As cancer is one of the leading global health issues, finding new treatments for the disease is a topic of great international interest. A new approach using charged particles (protons or carbon ions) delivered to a tumour has the potential to offer improved control over tumour growth and requires lower doses of radiation during cancer treatment. This promising development has gained the interest of many countries over the years, with 50 particle radiotherapy facilities already in operation and 26 more underway.
At a side event on Particle Radiotherapy for Cancer: Biology and Technology held at the IAEA on 25 September 2014 during the IAEA 58th General Conference, delegates of the Conference had an opportunity to learn about these treatment options. The event featured presentations about the unique characteristics of the beams used in particle therapy and also addressed current results in patient treatments and clinical trials. The presenters also discussed the challenges and costs in implementing the use of this therapy.
"The search has been to find a balance between radiation doses delivered to a malignant tumour and protecting healthy tissue and organs from damage," said Eduardo Rosenblatt, Head of the IAEA Applied Radiation Biology and Radiotherapy Section.
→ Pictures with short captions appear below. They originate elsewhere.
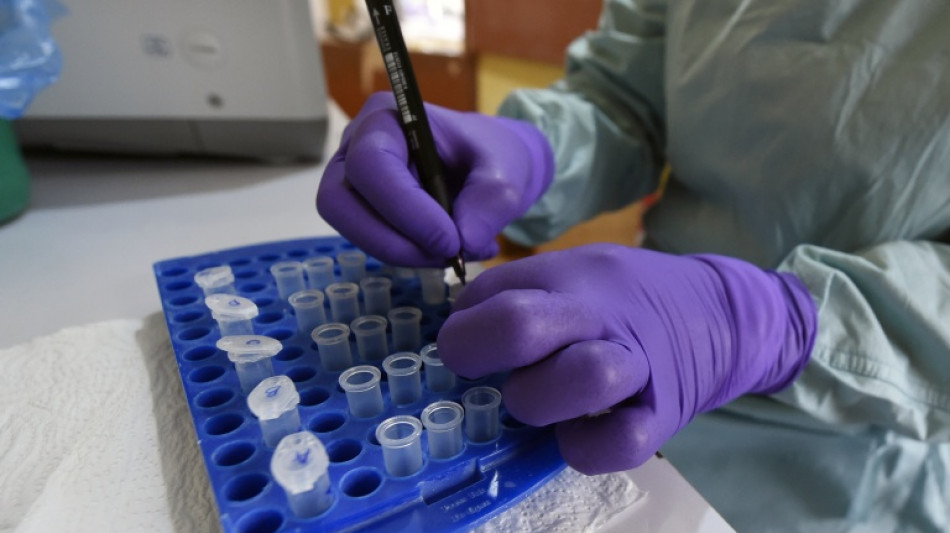  Au Nigeria, le "choc" apr&egrave;s l'annonce d'un premier cas d'Ebola de souche Bundibugyo 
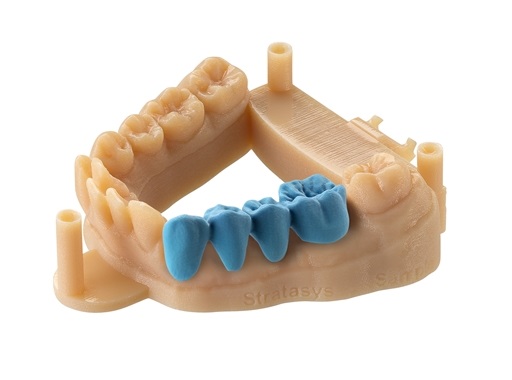 модель печать на 3д принтере для стоматологии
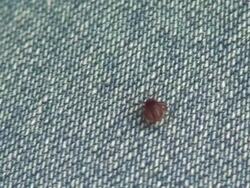 crawling tick Stock Footage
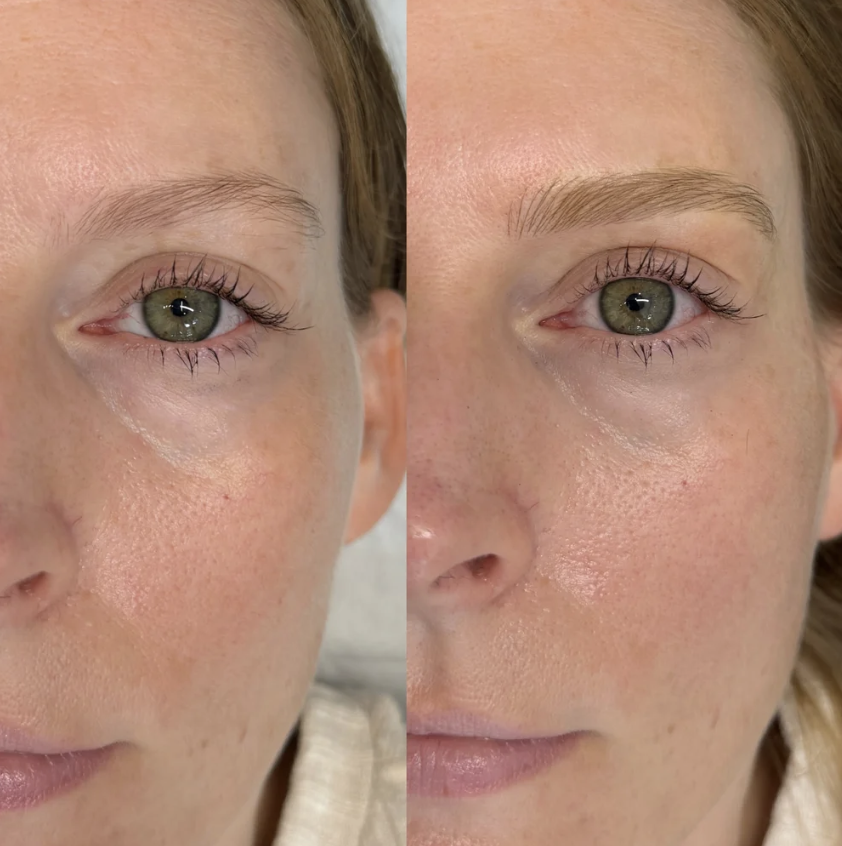 Close-up of a woman's face before and after eyebrow grooming, showing improved eyebrow shape in the after image.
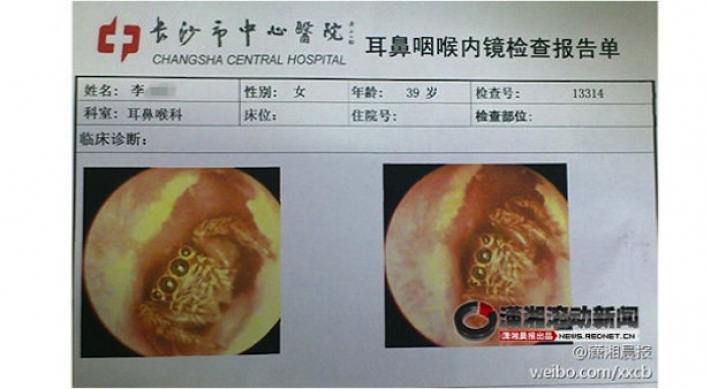Chinese doctors remove spider from patient’s ear canal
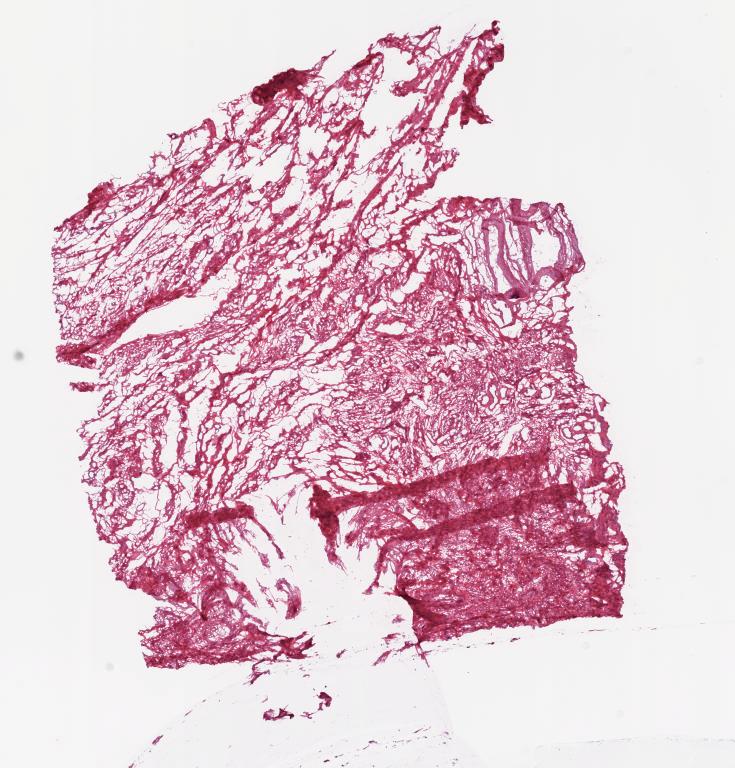 Slide Thumbnail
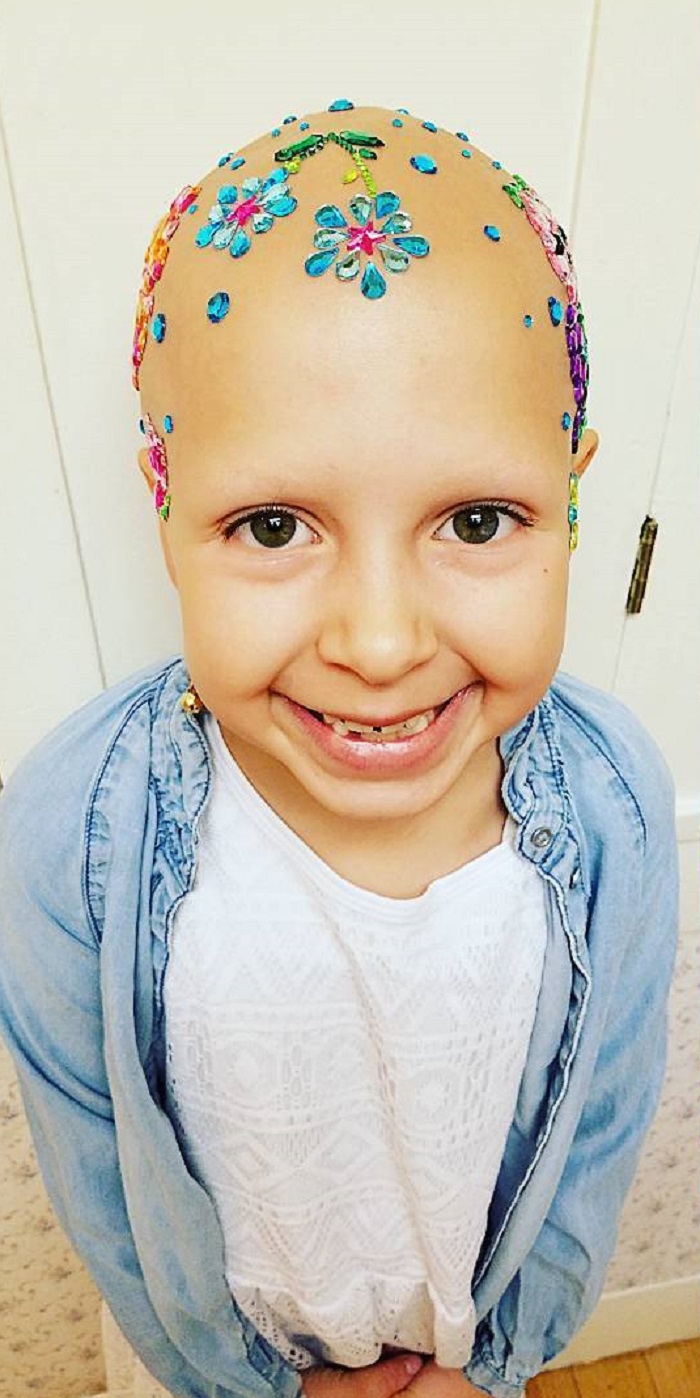 Mom Of Bald Daughter Comes Up With Brilliant Idea For Crazy Hair Day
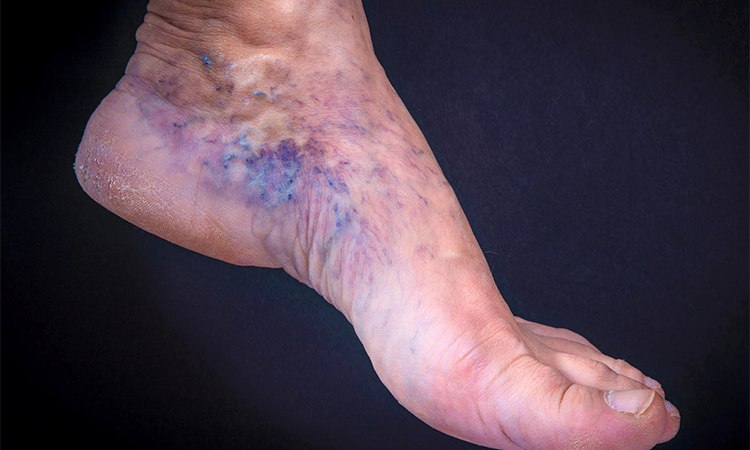 tromboza picior simptome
He highlighted that radiotherapy delivered through protons and carbon ions offer potential avenues for striking such a balance.
Proton radiotherapy can be used to strictly target tumours while leaving the surrounding healthy tissue and organs unaffected, explained Piero Fossati from the Italian National Centre of Oncological Hadrontherapy (CNAO). "This allows us to reduce the toxicity associated with radiation and can improve the results of treatment," he said. "But not all people agree that this is the most useful tool." He cited concerns related to costs and whether the technique is more effective than others, noting that "this technique is not the cure for cancer, but it is an improvement."
Similar concerns about cost and effectiveness were raised in a presentation on carbon ion radiotherapy by Reiko Imai from the Japan National Institute of Radiological Sciences (NIRS). She explained that carbon ion radiotherapy facilities and treatments are expensive, but developments in technology are helping to reduce those costs. Utilizing networks of facilities in areas around the world is also an avenue for lowering costs while increasing access to treatment for patients.
Ms Imai's presentation also demonstrated how carbon ion radiotherapy may not be suitable for treating all forms of cancer, but "it offers treatment solutions for some harder to treat cancers," and in some cases, for cancers considered otherwise impossible to treat.
A lively question and answer session between the participants and presenters followed the presentations. The topics raised included toxicity levels associated with these treatment options, estimated patient costs, as well as the rate of developing secondary cancer after using these treatments.
This side event was a precursor to a larger event that will be held from 11 to 14 November 2014 to further explore this topic. The November meeting will be held at the IAEA Headquarters and aims to bring together experts for more in-depth discussions on state-of-the-art developments in the field of particle therapy, as well as on current progress and gaps in clinical research, information, commissioning of facilities and costs. The meeting conclusions will be compiled in a technical report that will be shared with all IAEA Member States.
Through events like these, the IAEA fosters knowledge exchanges and facilitates the use of nuclear techniques. These gatherings also aim to support IAEA Member States in furthering their capacities to safely and securely use nuclear tools. Supporting progress and development in the field of particle radiotherapy is one of the many avenues through which the IAEA works to fulfil its mandate of contributing nuclear technology to peace, health and prosperity worldwide.